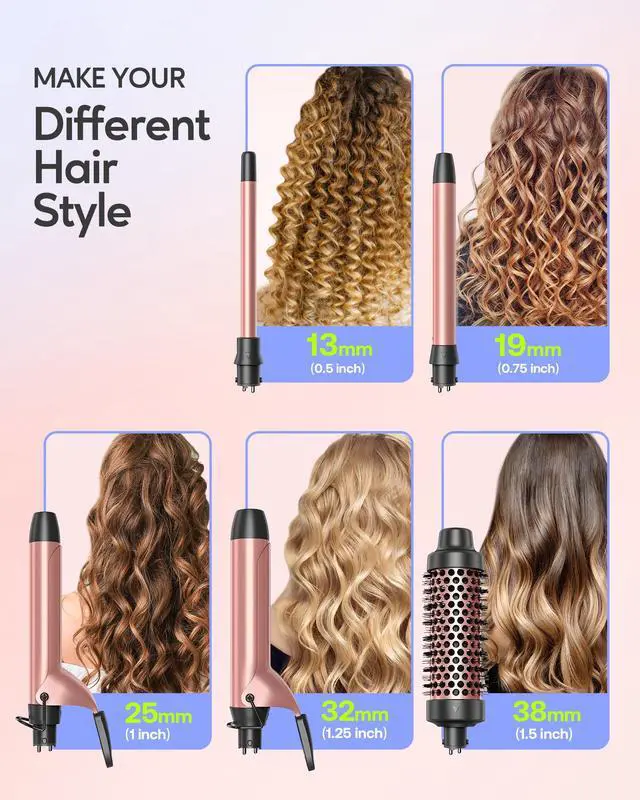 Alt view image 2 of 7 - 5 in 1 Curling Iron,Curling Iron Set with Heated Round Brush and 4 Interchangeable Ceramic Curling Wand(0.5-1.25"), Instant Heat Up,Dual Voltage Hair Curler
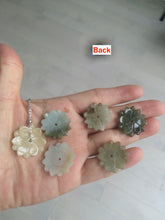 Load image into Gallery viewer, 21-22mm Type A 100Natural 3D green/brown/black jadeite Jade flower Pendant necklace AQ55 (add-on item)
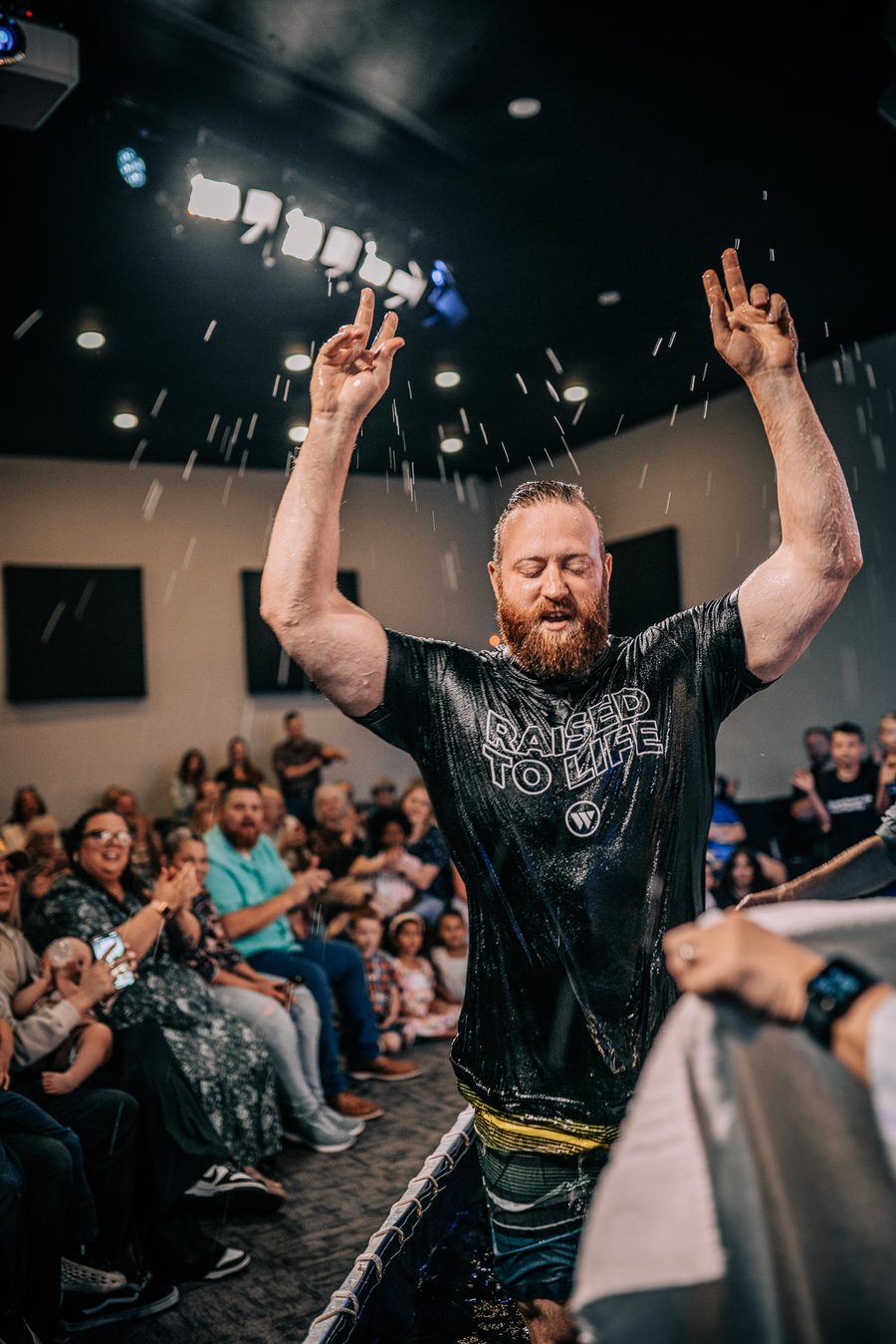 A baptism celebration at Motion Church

* * * * *

## YOUR TASK
Could the lines above be copied out exactly, with no image carried over?

## PROBLEM SOLUTION
 Alt view image 2 of 7 - 5 in 1 Curling Iron,Curling Iron Set with Heated Round Brush and 4 Interchangeable Ceramic Curling Wand(0.5-1.25"), Instant Heat Up,Dual Voltage Hair Curler
 Load image into Gallery viewer, 21-22mm Type A 100Natural 3D green/brown/black jadeite Jade flower Pendant necklace AQ55 (add-on item)
 A baptism celebration at Motion Church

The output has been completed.